Ну, что ж! Поживём – увидим…
Часть 31
Моя мама
После смерти отца (Владимира Васильевича), мама (бабушка) стала сдавать с каждым днём. Сказалось в первую очередь то, что 7 лет она была «прикована» к постели больного отца. Мы с Милой покупали продукты и мама, практически, никогда не выходила из дома. Я думаю, что не только её мозг, но и мозги любого здорового человека «завихрились бы» от многолетнего заточения. По другому это не назовёшь.
Ну, и во вторую очередь – возраст. Ей шёл девятый десяток. Она забывала всё. Чтобы что-нибудь запомнить, она вела записи. Причём, то, что она уже записала, она забывала и записывала вновь, и записывала на всём, что подалось под руку.
И так, всё время.
Моя мама – Нина Николаевна Степанова. 1998 год
Сразу же после смерти папы, она попросила оставить её одну. Она на пустом диване расставила его фотографии, грамоты, документы. Как окаменевшая, она сидела так несколько суток. Начала потихоньку ходить, когда мы сказали, что увезём её из дома к Миле или ко мне. Немного отошла она от оцепенения только после сорокового дня. Началась весна. Милочка собиралась в деревню, где они с Володей купили дом, а мы тоже – на дачу. Мы понимали, что маму нельзя оставлять надолго одну. Она выйдет из дома, потеряется, заблудится, и мы её больше не найдём.
И вот, для мамы началась очень трудная психологически – жизнь. То Милочка забирала её на дачу, то мы её везли к себе. Мы насильно оторвали её от родной квартиры, от того во что она вросла каждой своей клеточкой. Ну, и, кроме того – там, в Дзержинке остались могилы Боречки, Бабуси и теперь – папы Воли.
И, конечно, когда мы привозили маму на дачу, мы всё время были заняты своими бесконечными делами, и поэтому мало уделяли ей внимания.
Помню однажды, сидя на лавочке, на крылечке нашего маленького домика, мама задумчиво сказала – «Я всё могла представить, но, что мне придётся на старости лет ещё раз пожить в бараке, я и подумать не могла». Действительно, спали мы с мамой в нашей малюсенькой комнатушке без дверей, похожей на купе вагона.

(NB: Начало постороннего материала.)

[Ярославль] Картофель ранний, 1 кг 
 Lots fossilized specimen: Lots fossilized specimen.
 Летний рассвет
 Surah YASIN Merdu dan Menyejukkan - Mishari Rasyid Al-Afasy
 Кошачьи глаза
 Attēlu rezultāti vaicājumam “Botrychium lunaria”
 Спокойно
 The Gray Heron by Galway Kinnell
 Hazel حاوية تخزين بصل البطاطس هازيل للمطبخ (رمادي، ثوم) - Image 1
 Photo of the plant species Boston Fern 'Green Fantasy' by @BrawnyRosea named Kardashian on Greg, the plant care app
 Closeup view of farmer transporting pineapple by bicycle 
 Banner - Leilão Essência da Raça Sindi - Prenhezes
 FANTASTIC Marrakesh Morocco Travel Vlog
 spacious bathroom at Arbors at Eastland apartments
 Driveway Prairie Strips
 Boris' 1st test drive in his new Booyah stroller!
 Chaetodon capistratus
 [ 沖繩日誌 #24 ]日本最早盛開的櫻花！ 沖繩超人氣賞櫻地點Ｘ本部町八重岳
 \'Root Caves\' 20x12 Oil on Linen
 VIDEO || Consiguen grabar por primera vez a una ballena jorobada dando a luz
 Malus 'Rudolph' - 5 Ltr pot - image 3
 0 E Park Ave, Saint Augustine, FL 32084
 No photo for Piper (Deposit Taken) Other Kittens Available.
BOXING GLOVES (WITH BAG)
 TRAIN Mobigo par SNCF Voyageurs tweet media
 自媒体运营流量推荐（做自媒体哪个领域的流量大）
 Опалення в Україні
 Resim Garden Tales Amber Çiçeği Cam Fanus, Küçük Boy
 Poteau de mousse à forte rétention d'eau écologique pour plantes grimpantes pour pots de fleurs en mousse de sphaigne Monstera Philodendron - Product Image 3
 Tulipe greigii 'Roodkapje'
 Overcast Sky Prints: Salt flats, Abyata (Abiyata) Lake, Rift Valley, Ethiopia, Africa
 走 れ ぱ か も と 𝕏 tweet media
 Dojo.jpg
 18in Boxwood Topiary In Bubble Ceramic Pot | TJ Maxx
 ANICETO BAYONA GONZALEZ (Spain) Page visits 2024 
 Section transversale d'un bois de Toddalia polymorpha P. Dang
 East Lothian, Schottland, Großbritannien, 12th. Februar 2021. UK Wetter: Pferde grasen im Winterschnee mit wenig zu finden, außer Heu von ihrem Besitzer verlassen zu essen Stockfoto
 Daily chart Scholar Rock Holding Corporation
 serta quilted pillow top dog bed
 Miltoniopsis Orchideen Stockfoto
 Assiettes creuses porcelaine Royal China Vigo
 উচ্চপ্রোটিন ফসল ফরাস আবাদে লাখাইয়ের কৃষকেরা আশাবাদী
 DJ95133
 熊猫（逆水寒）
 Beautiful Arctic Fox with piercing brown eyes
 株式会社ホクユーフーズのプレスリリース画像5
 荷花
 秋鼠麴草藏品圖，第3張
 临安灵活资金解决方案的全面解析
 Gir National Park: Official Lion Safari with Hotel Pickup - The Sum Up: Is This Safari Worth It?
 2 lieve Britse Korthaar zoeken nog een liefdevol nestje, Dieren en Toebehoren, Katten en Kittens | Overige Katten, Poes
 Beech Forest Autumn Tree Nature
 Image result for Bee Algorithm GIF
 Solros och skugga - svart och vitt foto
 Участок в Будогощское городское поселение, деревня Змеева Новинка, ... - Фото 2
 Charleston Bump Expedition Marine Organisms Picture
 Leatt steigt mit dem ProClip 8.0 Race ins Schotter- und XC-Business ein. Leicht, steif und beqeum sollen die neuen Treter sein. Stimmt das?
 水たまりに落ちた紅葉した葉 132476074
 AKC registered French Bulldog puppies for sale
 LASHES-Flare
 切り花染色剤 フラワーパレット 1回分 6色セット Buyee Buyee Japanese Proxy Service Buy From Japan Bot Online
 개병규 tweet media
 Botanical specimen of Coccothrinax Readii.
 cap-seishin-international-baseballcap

Да, и весь наш домик был крохотным, игрушечным, но для нас он уж никак не был бараком.
В июле, в день рождения Татьяны Викторовны, они с Олегом приехали к нам на дачу. Накрыли стол, дружно посидели, распили бутылочку. Мама пожаловалась, что что-то плохо себя почувствовала. Пошла и прилегла на свою постель. Через некоторое время я пошла её проведать. Смотрю – она задыхается. Я позвала наших.
Т. В. и Олег использовали все свои возможности, чтобы как-то поддержать её. Таня и я дежурили по-очереди всю ночь около неё. Утром решили сразу же ехать в Москву. Т. В. поставила диагноз – тяжелейший инфаркт. И не ошиблась.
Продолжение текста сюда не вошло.